● **Exercise brief**: When you transcribe the listing, keep each line exact and drop the pictures.

● **Provided material**:
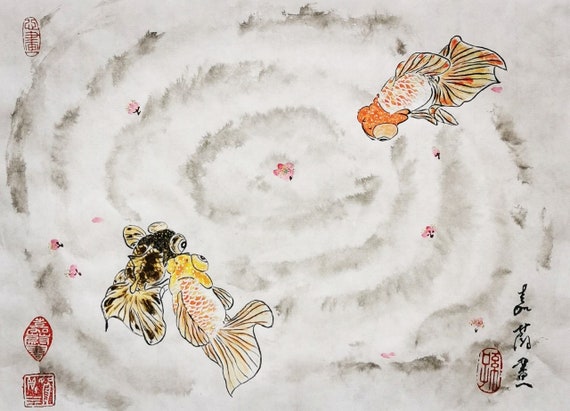 Original Chinese brush water-ink painting "Ripple" -Gold Fish & Lotus /Home Decoration / Auspicious / Good Luck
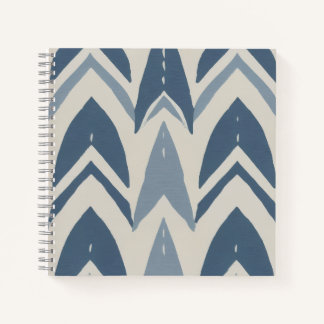 Staubblaues Küstenbatik-Parang-Chevron-Geometrisch Notizblock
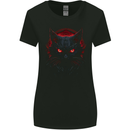Satanic Cat Evil Halloween Womens Wider Cut T-Shirt Black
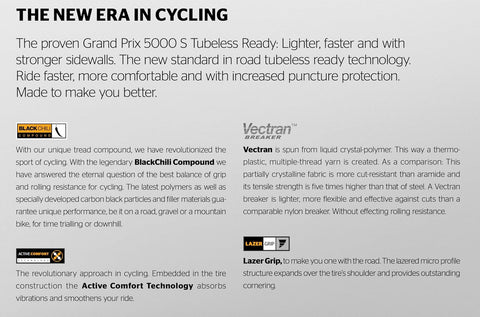 Continental Grand Prix 5000 S TR - Tubeless Road Bike Tire | Fast, Light, Durable - BlackChili, Vectran Breaker, LazerGrip, Active Comfort Technology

● **Solution**:
 Original Chinese brush water-ink painting "Ripple" -Gold Fish & Lotus /Home Decoration / Auspicious / Good Luck
 Staubblaues Küstenbatik-Parang-Chevron-Geometrisch Notizblock
Satanic Cat Evil Halloween Womens Wider Cut T-Shirt Black
 Continental Grand Prix 5000 S TR - Tubeless Road Bike Tire | Fast, Light, Durable - BlackChili, Vectran Breaker, LazerGrip, Active Comfort Technology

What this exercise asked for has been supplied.